What is being asked: Locate the line bearing "Photo 7 from" in the material below, then reproduce it and each following line up to and including the line bearing "الفنان عبدالله السعايدة".

= Beginning of Section =

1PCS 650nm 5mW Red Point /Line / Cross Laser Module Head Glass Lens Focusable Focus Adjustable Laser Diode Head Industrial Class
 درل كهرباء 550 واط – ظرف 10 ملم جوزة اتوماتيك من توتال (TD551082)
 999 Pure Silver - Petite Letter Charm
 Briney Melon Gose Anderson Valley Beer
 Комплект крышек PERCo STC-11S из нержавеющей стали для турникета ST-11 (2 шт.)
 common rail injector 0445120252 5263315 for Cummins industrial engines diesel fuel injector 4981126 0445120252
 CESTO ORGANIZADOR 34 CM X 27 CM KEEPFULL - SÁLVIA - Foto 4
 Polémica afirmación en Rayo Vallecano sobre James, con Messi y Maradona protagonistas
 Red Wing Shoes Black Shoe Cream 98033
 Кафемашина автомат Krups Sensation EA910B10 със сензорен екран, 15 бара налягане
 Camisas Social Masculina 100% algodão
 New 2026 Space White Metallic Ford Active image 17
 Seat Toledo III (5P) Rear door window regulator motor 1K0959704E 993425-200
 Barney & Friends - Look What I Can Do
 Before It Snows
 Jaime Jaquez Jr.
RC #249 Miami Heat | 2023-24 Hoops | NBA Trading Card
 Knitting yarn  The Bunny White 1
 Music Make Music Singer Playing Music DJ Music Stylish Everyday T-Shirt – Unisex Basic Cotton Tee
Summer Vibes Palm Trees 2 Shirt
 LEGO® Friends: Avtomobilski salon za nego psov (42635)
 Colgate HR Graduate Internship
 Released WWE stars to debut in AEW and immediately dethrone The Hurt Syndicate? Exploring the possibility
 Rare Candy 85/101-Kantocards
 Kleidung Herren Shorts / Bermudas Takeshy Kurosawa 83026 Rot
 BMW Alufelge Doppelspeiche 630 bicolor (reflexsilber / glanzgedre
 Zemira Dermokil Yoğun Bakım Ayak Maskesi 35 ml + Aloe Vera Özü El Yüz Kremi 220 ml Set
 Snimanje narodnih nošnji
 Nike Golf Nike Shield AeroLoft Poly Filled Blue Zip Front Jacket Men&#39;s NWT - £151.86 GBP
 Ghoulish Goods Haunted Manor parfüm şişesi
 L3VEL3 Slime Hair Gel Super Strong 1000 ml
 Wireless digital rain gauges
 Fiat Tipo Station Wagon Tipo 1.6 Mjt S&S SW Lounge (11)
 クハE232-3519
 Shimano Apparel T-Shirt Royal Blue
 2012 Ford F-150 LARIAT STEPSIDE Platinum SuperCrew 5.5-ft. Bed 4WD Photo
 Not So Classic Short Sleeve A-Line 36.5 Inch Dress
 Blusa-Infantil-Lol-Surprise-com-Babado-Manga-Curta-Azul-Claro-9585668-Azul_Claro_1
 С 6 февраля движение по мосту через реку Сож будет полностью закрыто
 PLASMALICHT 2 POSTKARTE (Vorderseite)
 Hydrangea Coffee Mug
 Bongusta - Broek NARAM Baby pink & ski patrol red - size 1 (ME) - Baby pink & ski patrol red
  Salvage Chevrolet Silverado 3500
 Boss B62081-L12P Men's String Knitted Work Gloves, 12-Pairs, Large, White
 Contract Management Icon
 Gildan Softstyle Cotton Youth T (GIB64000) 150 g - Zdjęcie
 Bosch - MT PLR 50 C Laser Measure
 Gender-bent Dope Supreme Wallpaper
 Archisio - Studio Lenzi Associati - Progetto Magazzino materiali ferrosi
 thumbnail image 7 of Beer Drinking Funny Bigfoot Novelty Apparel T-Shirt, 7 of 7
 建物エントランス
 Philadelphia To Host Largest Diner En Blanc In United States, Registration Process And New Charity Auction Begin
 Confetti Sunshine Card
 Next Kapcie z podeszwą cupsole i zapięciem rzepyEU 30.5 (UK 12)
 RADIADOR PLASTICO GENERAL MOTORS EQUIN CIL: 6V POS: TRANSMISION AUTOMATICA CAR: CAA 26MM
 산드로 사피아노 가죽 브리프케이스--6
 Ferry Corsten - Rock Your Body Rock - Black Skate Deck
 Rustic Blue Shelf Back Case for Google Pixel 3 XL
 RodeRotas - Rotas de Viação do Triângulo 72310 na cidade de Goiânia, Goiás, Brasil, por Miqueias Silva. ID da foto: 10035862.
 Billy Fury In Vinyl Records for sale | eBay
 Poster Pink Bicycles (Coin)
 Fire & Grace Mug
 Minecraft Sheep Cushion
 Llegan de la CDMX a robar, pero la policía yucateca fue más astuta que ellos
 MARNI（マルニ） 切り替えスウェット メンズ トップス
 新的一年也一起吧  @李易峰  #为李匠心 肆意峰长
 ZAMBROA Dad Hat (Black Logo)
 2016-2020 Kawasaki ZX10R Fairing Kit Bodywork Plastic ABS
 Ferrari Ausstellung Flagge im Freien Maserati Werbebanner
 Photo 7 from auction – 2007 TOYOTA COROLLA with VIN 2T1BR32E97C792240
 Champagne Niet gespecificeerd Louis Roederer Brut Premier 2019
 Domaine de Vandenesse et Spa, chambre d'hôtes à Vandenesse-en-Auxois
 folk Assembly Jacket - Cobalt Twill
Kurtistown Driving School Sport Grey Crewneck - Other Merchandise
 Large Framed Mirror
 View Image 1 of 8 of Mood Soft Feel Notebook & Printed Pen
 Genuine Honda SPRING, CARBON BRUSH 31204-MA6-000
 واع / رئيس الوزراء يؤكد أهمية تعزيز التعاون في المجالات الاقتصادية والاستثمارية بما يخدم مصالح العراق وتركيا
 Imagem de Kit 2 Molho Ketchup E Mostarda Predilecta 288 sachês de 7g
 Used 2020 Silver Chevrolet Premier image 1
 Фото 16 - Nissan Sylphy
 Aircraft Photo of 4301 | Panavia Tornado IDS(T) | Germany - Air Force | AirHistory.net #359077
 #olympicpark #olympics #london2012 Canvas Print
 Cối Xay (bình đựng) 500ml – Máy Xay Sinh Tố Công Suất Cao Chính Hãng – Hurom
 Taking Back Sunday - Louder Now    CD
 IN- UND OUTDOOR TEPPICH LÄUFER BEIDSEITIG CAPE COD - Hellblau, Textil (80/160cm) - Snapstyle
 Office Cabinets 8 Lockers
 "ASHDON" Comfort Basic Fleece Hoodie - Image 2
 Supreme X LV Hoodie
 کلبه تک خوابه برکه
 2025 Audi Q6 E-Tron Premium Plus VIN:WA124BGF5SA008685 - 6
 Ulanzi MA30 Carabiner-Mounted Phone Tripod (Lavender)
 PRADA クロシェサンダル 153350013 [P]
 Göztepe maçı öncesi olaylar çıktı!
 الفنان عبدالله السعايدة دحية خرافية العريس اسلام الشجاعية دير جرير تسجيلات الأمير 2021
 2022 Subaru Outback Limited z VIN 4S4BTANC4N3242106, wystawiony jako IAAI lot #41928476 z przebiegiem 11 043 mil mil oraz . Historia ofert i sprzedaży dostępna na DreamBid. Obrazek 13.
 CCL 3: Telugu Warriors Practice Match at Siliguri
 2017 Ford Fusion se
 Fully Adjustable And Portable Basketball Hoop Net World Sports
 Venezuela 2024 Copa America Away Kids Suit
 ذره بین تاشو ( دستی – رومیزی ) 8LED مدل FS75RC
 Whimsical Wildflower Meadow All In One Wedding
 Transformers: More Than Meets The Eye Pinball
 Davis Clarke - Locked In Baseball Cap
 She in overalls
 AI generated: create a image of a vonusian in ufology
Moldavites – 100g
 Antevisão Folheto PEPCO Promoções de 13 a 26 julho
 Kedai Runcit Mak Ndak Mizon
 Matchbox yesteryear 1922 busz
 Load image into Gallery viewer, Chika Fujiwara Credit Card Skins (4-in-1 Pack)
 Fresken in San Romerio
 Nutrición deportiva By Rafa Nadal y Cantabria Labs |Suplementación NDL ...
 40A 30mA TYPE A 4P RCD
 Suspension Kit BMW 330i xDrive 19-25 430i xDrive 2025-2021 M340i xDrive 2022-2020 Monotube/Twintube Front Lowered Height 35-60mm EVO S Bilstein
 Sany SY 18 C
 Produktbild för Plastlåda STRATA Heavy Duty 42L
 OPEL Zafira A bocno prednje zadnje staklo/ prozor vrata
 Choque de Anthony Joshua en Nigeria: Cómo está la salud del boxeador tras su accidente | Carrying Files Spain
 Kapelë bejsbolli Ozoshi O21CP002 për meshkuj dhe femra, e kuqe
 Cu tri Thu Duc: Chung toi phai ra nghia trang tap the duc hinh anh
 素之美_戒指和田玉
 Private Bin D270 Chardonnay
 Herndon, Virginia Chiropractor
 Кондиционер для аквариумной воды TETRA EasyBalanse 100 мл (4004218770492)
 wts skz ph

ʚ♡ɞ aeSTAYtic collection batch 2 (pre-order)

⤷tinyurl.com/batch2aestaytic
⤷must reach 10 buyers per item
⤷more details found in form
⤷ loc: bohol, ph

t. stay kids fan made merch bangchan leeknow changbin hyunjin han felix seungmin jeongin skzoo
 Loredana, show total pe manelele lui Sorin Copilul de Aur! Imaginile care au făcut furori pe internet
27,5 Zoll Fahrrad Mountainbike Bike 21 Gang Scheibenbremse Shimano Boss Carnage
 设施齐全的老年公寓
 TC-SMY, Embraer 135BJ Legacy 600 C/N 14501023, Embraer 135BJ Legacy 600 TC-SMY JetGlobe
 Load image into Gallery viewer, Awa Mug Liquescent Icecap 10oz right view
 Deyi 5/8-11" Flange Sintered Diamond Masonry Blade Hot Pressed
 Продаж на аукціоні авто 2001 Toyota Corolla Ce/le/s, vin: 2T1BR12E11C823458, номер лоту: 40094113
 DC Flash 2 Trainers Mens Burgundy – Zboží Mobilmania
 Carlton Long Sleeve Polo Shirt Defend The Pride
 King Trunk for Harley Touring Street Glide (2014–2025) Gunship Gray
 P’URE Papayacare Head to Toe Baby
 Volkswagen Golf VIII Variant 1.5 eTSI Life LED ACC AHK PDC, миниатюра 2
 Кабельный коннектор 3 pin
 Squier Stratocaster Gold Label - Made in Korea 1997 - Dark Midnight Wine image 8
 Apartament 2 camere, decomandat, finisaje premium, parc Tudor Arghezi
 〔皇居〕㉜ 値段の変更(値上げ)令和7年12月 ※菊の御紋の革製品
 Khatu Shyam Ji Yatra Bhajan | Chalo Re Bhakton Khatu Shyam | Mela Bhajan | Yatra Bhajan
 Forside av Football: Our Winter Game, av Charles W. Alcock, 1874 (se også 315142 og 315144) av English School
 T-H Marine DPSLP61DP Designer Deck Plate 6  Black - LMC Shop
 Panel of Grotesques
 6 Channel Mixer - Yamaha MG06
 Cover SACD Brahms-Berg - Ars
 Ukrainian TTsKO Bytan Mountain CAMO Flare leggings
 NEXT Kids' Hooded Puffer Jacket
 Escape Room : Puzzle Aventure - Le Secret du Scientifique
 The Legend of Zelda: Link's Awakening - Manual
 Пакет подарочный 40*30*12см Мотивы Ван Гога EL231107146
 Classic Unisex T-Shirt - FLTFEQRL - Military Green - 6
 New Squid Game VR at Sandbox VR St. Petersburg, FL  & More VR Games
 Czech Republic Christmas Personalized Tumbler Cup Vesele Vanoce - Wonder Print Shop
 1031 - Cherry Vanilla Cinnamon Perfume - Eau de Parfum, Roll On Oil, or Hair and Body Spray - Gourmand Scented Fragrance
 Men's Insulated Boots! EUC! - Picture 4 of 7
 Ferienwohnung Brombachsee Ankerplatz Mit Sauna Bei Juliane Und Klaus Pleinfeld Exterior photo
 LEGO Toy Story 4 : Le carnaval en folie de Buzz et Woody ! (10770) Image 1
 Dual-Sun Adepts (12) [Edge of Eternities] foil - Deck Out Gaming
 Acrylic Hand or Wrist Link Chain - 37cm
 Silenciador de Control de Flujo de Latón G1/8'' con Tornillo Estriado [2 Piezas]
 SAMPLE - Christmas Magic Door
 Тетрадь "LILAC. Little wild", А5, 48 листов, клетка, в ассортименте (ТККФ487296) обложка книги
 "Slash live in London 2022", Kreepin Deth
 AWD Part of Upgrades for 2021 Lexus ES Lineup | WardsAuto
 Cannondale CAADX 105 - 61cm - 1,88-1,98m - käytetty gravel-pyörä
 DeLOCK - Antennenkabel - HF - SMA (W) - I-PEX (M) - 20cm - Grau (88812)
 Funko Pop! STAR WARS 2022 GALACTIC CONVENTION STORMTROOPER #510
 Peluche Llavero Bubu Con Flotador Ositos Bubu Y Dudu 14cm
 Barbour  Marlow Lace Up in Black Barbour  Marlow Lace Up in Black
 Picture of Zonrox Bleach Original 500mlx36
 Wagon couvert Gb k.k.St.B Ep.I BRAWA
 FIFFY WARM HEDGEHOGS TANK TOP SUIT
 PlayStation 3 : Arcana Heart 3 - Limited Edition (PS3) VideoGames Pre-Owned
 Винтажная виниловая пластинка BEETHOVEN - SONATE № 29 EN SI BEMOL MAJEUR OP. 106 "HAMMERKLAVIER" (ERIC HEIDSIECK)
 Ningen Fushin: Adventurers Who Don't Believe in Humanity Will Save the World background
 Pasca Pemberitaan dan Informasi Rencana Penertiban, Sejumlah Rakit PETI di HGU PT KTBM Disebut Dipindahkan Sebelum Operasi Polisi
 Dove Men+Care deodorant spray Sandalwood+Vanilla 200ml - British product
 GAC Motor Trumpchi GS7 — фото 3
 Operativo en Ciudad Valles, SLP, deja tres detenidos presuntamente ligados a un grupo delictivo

= End of Section =

Final answer:
 Photo 7 from auction – 2007 TOYOTA COROLLA with VIN 2T1BR32E97C792240
 Champagne Niet gespecificeerd Louis Roederer Brut Premier 2019
 Domaine de Vandenesse et Spa, chambre d'hôtes à Vandenesse-en-Auxois
 folk Assembly Jacket - Cobalt Twill
Kurtistown Driving School Sport Grey Crewneck - Other Merchandise
 Large Framed Mirror
 View Image 1 of 8 of Mood Soft Feel Notebook & Printed Pen
 Genuine Honda SPRING, CARBON BRUSH 31204-MA6-000
 واع / رئيس الوزراء يؤكد أهمية تعزيز التعاون في المجالات الاقتصادية والاستثمارية بما يخدم مصالح العراق وتركيا
 Imagem de Kit 2 Molho Ketchup E Mostarda Predilecta 288 sachês de 7g
 Used 2020 Silver Chevrolet Premier image 1
 Фото 16 - Nissan Sylphy
 Aircraft Photo of 4301 | Panavia Tornado IDS(T) | Germany - Air Force | AirHistory.net #359077
 #olympicpark #olympics #london2012 Canvas Print
 Cối Xay (bình đựng) 500ml – Máy Xay Sinh Tố Công Suất Cao Chính Hãng – Hurom
 Taking Back Sunday - Louder Now    CD
 IN- UND OUTDOOR TEPPICH LÄUFER BEIDSEITIG CAPE COD - Hellblau, Textil (80/160cm) - Snapstyle
 Office Cabinets 8 Lockers
 "ASHDON" Comfort Basic Fleece Hoodie - Image 2
 Supreme X LV Hoodie
 کلبه تک خوابه برکه
 2025 Audi Q6 E-Tron Premium Plus VIN:WA124BGF5SA008685 - 6
 Ulanzi MA30 Carabiner-Mounted Phone Tripod (Lavender)
 PRADA クロシェサンダル 153350013 [P]
 Göztepe maçı öncesi olaylar çıktı!
 الفنان عبدالله السعايدة دحية خرافية العريس اسلام الشجاعية دير جرير تسجيلات الأمير 2021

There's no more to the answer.